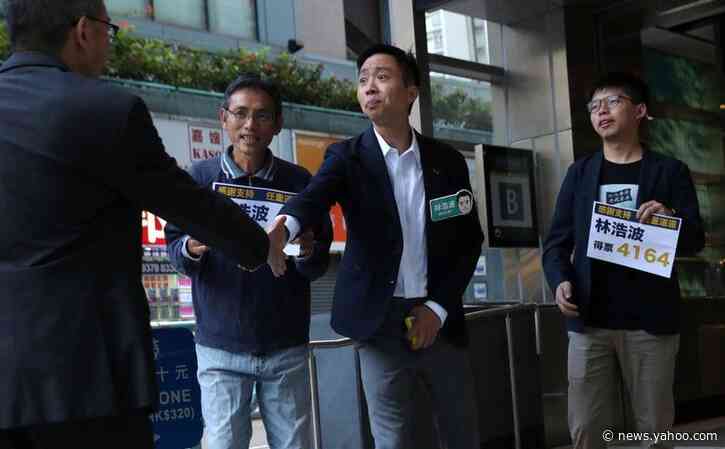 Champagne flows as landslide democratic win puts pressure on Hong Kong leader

※

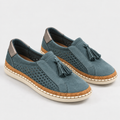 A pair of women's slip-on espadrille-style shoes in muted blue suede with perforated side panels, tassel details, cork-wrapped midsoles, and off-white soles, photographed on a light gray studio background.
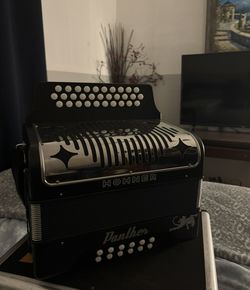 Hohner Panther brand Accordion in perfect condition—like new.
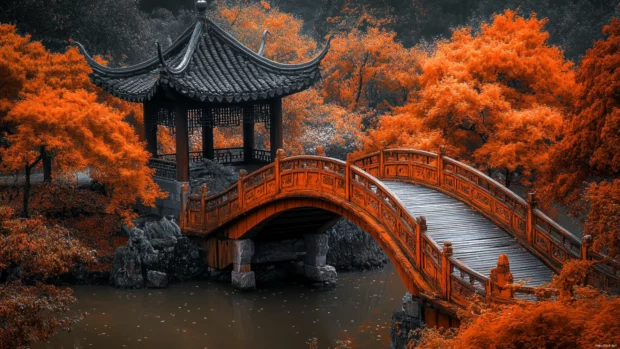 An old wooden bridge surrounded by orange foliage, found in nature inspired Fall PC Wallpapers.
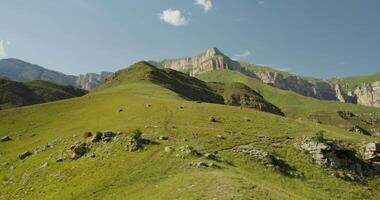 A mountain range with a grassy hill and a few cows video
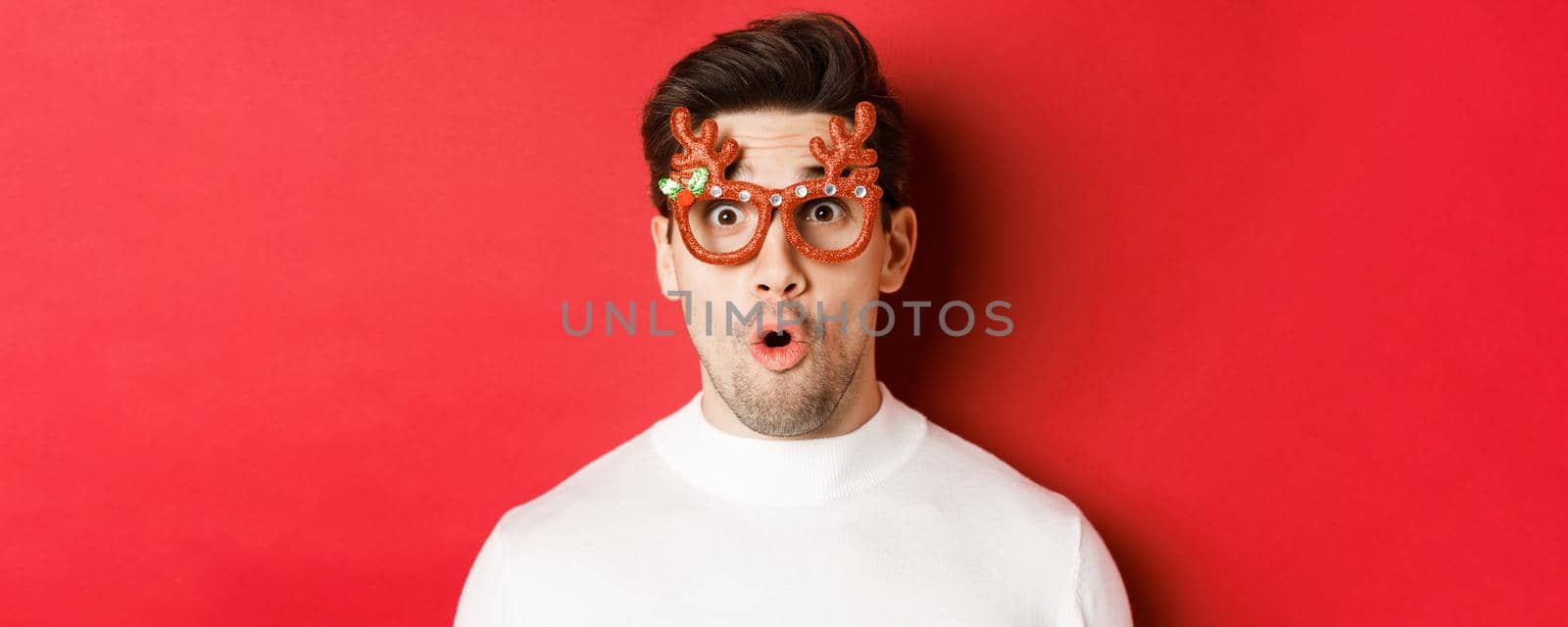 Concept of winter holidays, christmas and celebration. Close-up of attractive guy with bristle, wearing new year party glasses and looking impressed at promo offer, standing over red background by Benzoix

※

◆ The task ◆
Pictures aside, print exactly the lines above starting with the one containing "A mountain range" and going on through the one containing "Concept of winter".

◆ Answer section ◆
 A mountain range with a grassy hill and a few cows video
 Concept of winter holidays, christmas and celebration. Close-up of attractive guy with bristle, wearing new year party glasses and looking impressed at promo offer, standing over red background by Benzoix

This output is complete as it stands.